EXERCISE GOAL:
Nothing but the lines below from the one that contains "Vinsetto Lockable Metal" through the one that contains "3 PIECE EMBROIDERED" should be retyped, exactly and including both ends. Do not include pictures.

GIVEN INFORMATION:

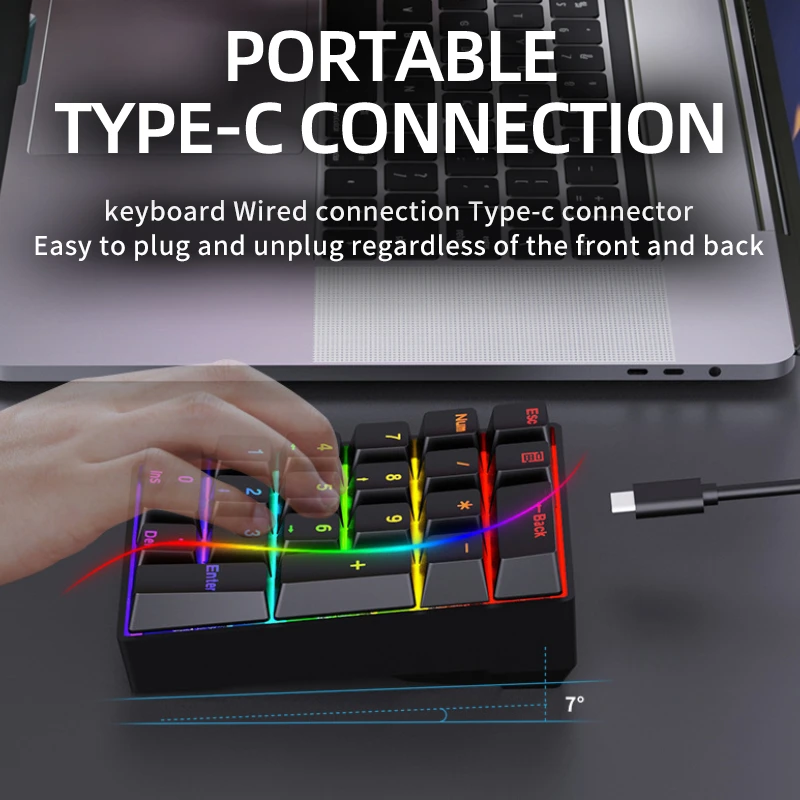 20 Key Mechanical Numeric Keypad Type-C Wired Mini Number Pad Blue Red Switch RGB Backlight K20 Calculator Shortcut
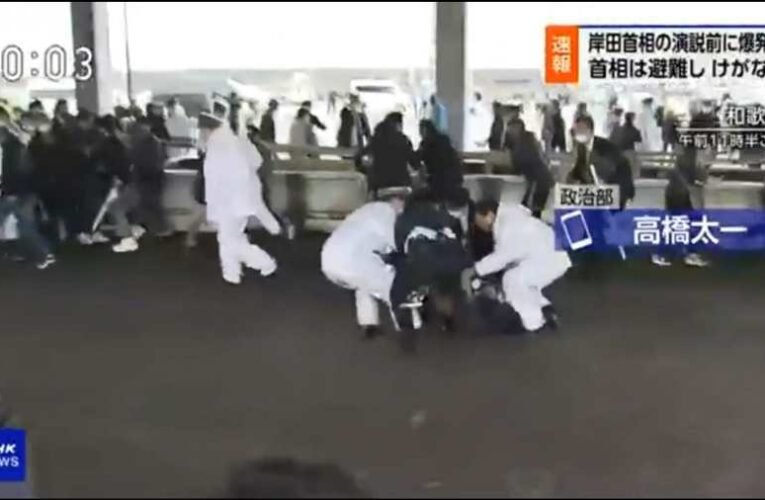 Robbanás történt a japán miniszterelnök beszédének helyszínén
---
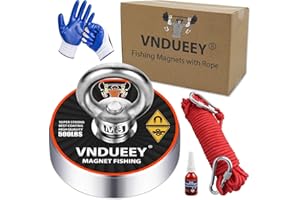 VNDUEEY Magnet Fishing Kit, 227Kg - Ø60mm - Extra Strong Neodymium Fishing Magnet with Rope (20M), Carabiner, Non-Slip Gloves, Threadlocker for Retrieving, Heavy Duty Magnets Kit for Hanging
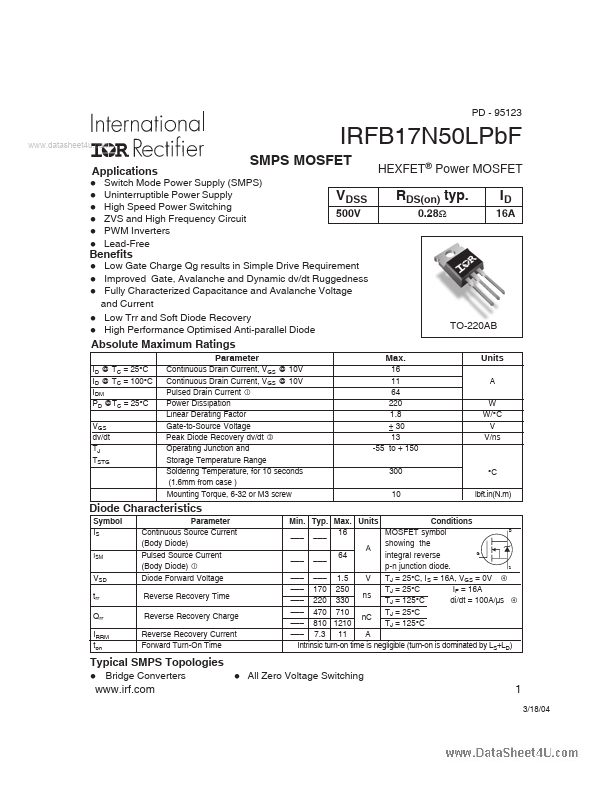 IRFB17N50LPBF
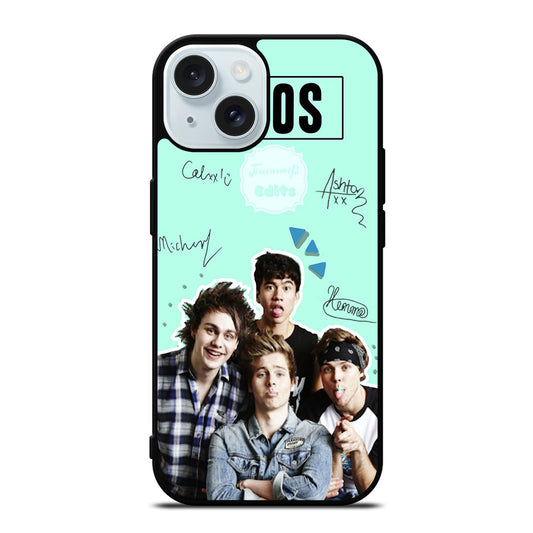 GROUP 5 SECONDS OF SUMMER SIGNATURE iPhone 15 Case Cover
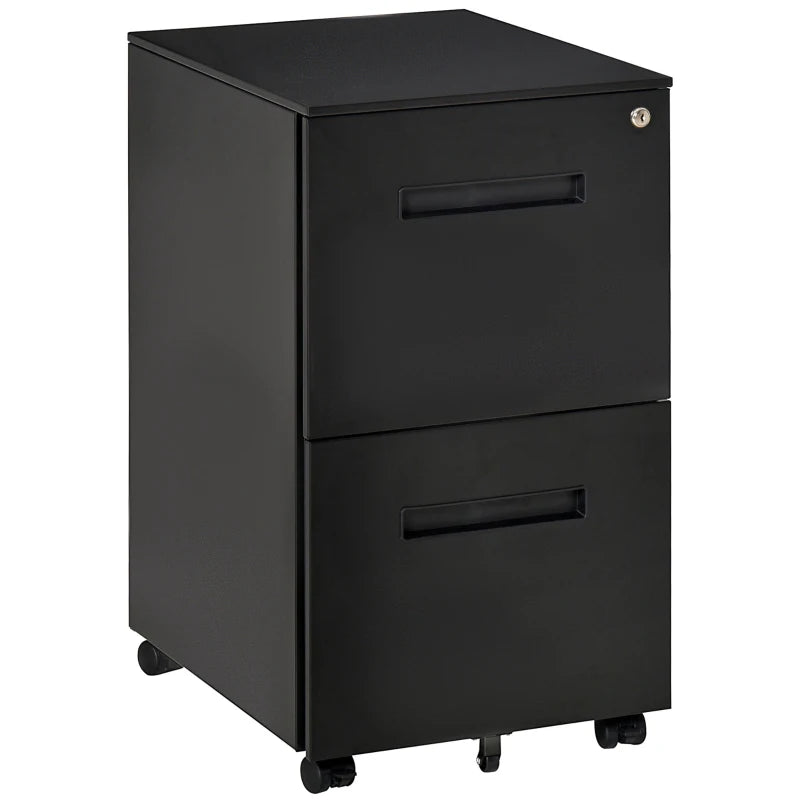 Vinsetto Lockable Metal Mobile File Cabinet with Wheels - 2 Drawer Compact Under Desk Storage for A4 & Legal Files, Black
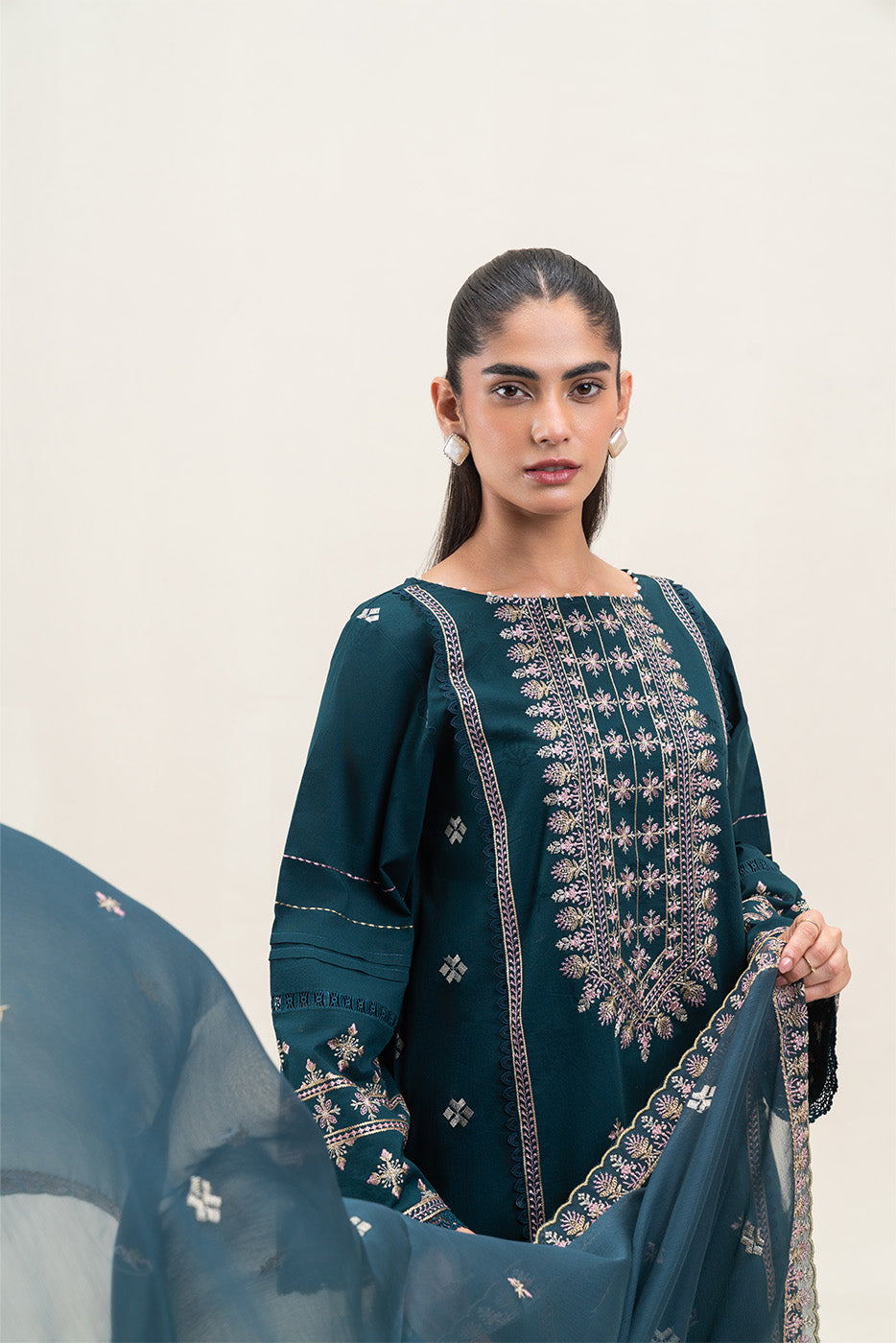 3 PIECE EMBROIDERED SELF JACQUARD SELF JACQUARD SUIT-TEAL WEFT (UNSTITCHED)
--
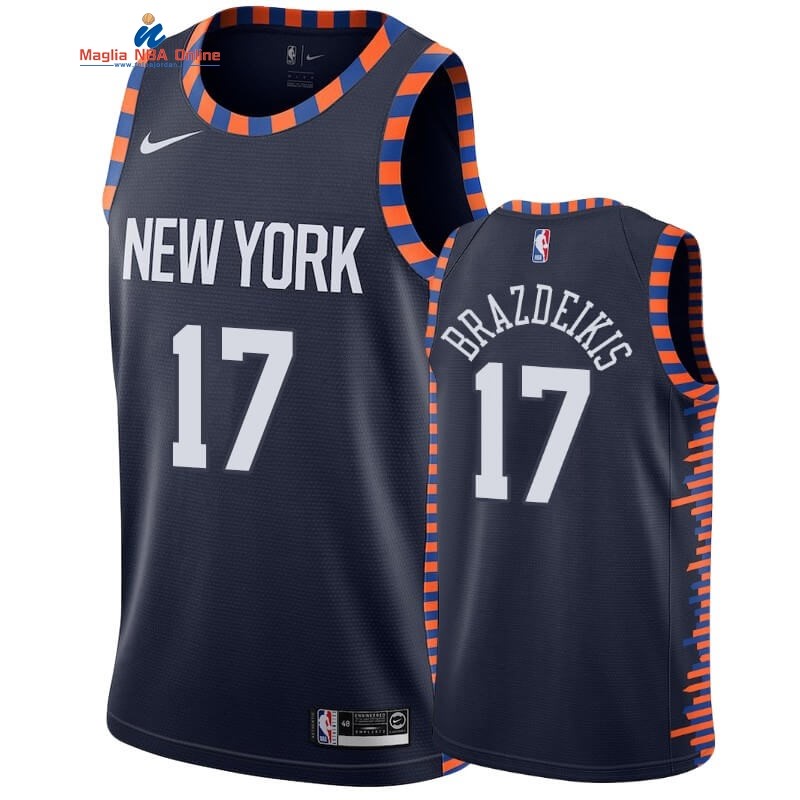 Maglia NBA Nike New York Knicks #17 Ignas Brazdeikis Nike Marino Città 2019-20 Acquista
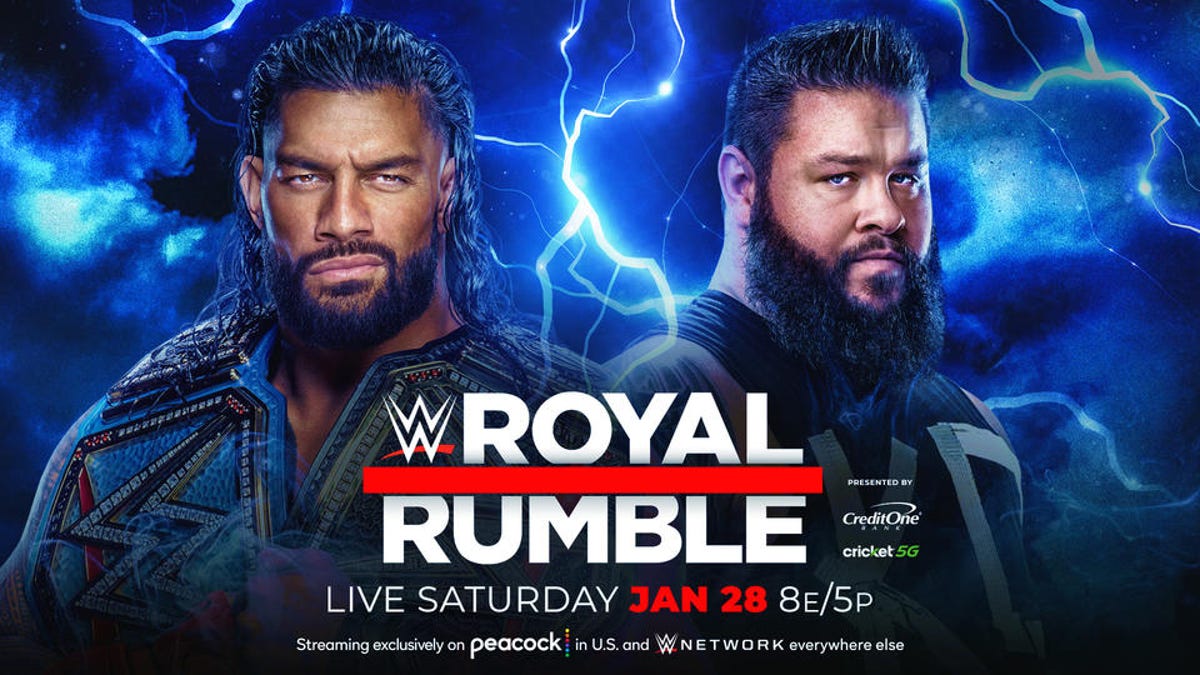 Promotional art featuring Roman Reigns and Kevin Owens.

TASK ANSWER:
 Vinsetto Lockable Metal Mobile File Cabinet with Wheels - 2 Drawer Compact Under Desk Storage for A4 & Legal Files, Black
 3 PIECE EMBROIDERED SELF JACQUARD SELF JACQUARD SUIT-TEAL WEFT (UNSTITCHED)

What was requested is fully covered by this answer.